A vexata quaestio, portanto, cinge-se em verificar se a apelante tem legitimidade para a causa.

Anoto que a recorrente juntou, com a petição inicial, alguns documentos. Destaco, a certidão de óbito de José Vítor da Fonseca Sobrinho (f. 21), certidão de casamento de Odete da Silva Fonseca (f. 22). Merece atenção, também, a certidão de casamento de Edy com José de Andrade Carvalho (f. 23), constando que ela é filha de José Vítor, e a fotocópia da carteira de identidade da apelante (f. 20), tornando certo que ela é filha de Edy e José de Andrade Carvalho. Esses os fatos.

Em relação ao direito e conforme é de geral ciência, o legitimado para a causa é aquele que integra a lide como possível credor ou como obrigado, mesmo não fazendo parte da relação jurídica material. Enfim, é quem está envolvido em conflito de interesses. Esclarece Humberto Theodoro Júnior no Curso de direito processual civil. 25. ed. Rio de Janeiro: Forense, 1998, v. 1, p. 57):

"Se a lide tem existência própria e é uma situação que justifica o processo, ainda que injurídica seja a pretensão do contendor, e que pode existir em situações que visam mesmo a negar in totum a existência de qualquer relação jurídica material, é melhor caracterizar a legitimação para o processo com base nos elementos da lide do que nos do direito debatido em juízo.

Destarte, legitimados ao processo são os sujeitos da lide, isto é, os titulares dos interesses em conflito. A legitimação ativa caberá ao titular do interesse afirmado na pretensão, e a passiva ao titular do interesse que se opõe ou resiste à pretensão".

Por outro norte, é elementar que o parentesco decorre de consangüinidade ou afinidade. No derradeiro caso, o parentesco surge com o casamento ou a adoção. Relativamente ao casamento, ensina Caio Mário da Silva Pereira na obra atualizada por Tânia da Silva Pereira (Instituições de direito civil. 14. ed. Rio de Janeiro: Forense, 2004, v. 5, p. 309):

a) Afinidade, relação que aproxima um cônjuge aos parentes do outro, e termina aí, pois que não são entre si parentes os afins de afins (affinitas affitatem non parit). A afinidade, por via de regra, cessa com o casamento que o fez nascer, de sorte que, extinto ele pela morte, pela anulação ou pelo divórcio, cessa a afinidade; mas a regra não é absoluta, pois que em alguns casos sobrevivem os seus efeitos, o que ocorre na generalidade dos sistemas".

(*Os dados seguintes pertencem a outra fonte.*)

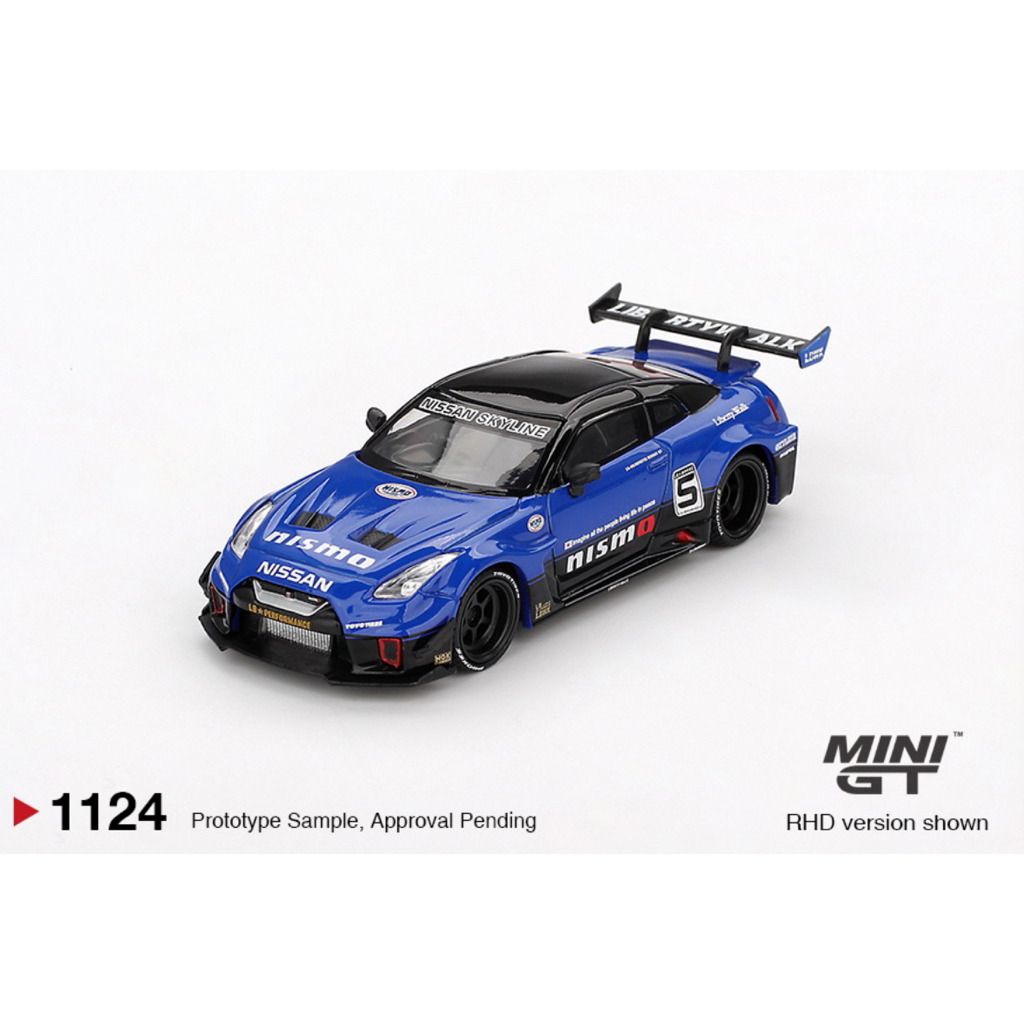 DaboxToys] Xe Mô Hình 1/64 Mini GT Nissan S15 ER34 35GTRR 1157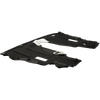 FUSION/MKZ 17-20 ENGINE SPLASH SHIELD, Front, (FUSION, 2.7L Eng)/(MKZ, 3.0L Eng)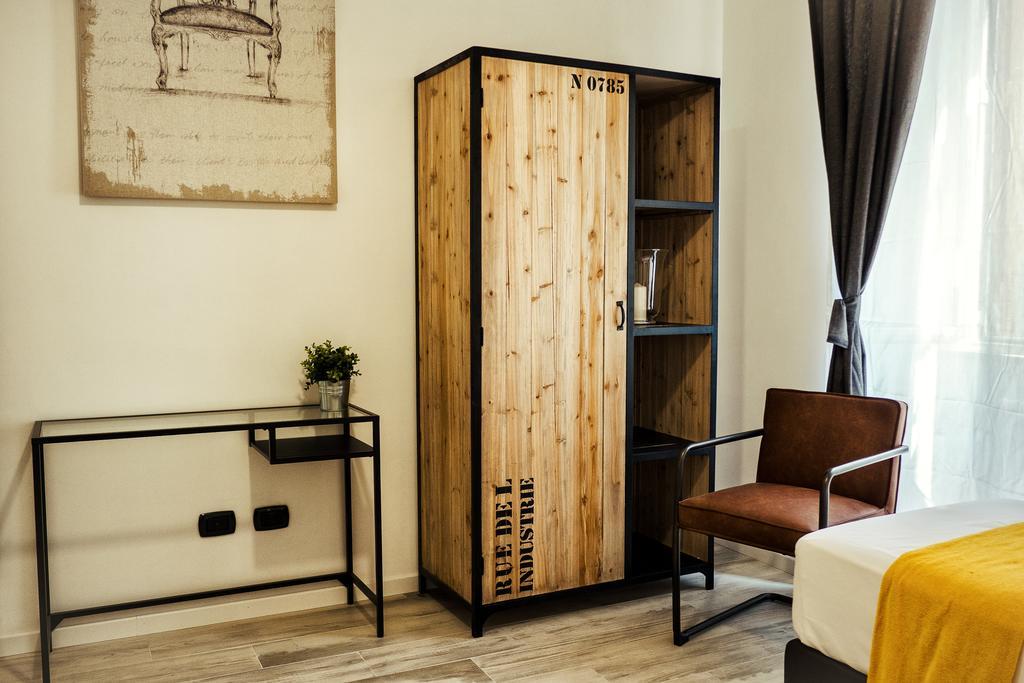 Bmga L Stylish Industrial Termini Apartment Roma Ngoại thất bức ảnh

Ora, no caso em exame, o casamento da apelada com o avô da apelante estabeleceu entre as duas o vínculo de parentesco por afinidade. E esse vínculo, aliado à convivência entre elas, como decorrência do prematuro falecimento da genitora da recorrente, patenteia ter sido mantido mesmo após o passamento de José Vítor.

Assim, ainda que não exista vínculo biológico entre a apelante e a apelada, há não só o parentesco por afinidade, como relação afetiva, íntima, capazes de fazer emergir o direito à tutela jurisdicional pleiteada. Nesse sentido, a lição de Nelson Nery Júnior e Rosa Maria de Andrade Nery (Código de processo civil comentado e legislação processual civil extravagante em vigor. 5. ed. São Paulo: Revista dos Tribunais, 2001, p. 1.426):

"Pelo CC, não se chegaria ao encontro do sentido do termo parente próximo. Parece-nos que a lei processual exige que, além de ser parente, este tenha para com o interditando laços de afetividade e proximidade que o façam capaz de saber das razões que tornam necessária a medida pleiteada e de compreender da sua conveniência".

Portanto, tem pertinência o inconformismo até mesmo porque não pode deixar de ser examinada a pretensão em homenagem a questiúncula processual menor quando o interesse da recorrida deve ter supremacia.

Com esses fundamentos, dou provimento à apelação para cassar a sentença apelada e determinar o regular processamento da ação.

Sem custas.

DES. FRANCISCO FIGUEIREDO - Do exame que fiz dos autos, acompanho plenamente o Relator.

DES. NILSON REIS - Sr. Presidente. Acompanho o em. Relator, que teve a hombridade de proteger a própria recorrida.

Súmula - DERAM PROVIMENTO PARA ANULAR A SENTENÇA PARA O DEVIDO PROCESSAMENTO DA AÇÃO.